When you reach the line containing "氦氩刀是什么【每日一方】氩氦", begin reproducing the material exactly, stop after the line containing "Introducing 6 natural cellulite treatment", and leave out any pictures along the way.

*** Excerpted records Section Begins ***

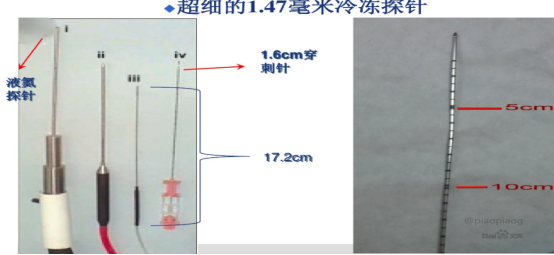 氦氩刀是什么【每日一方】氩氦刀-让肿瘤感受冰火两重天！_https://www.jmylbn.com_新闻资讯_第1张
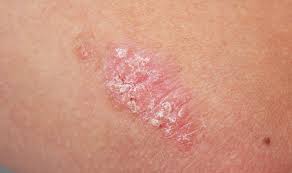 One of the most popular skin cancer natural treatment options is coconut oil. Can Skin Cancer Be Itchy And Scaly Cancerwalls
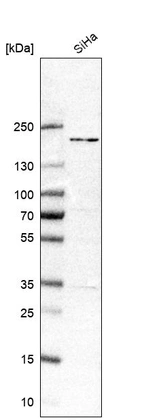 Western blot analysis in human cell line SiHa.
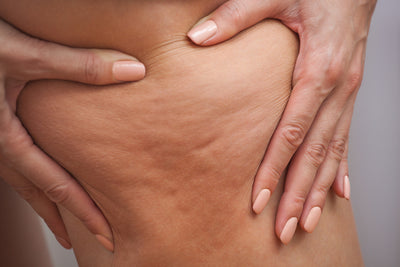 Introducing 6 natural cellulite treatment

*** Excerpted records Section Ends ***
*** Excerpted records Section Begins ***

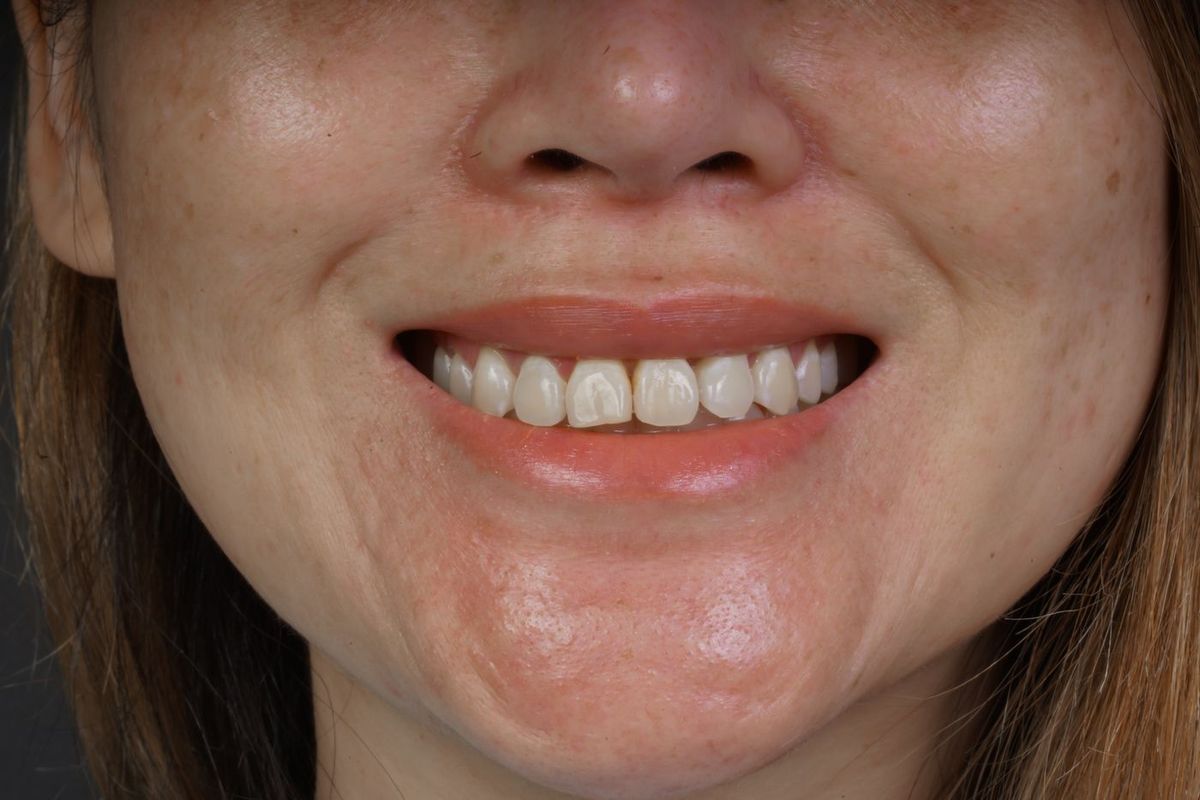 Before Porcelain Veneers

*** Excerpted records Section Ends ***
*** Excerpted records Section Begins ***

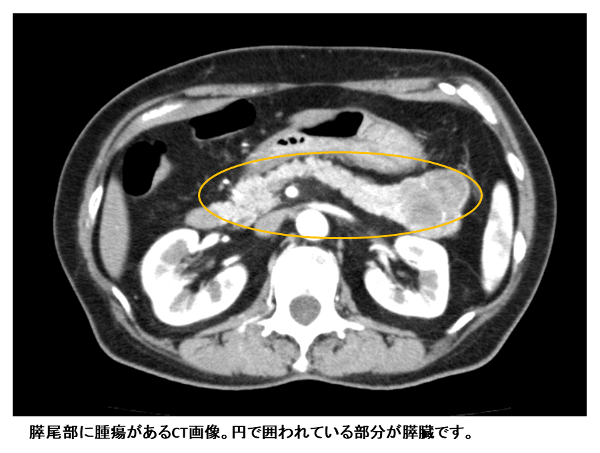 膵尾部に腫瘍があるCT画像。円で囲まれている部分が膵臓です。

*** Excerpted records Section Ends ***

* [Expected answer]
 氦氩刀是什么【每日一方】氩氦刀-让肿瘤感受冰火两重天！_https://www.jmylbn.com_新闻资讯_第1张
 One of the most popular skin cancer natural treatment options is coconut oil. Can Skin Cancer Be Itchy And Scaly Cancerwalls
 Western blot analysis in human cell line SiHa.
 Introducing 6 natural cellulite treatment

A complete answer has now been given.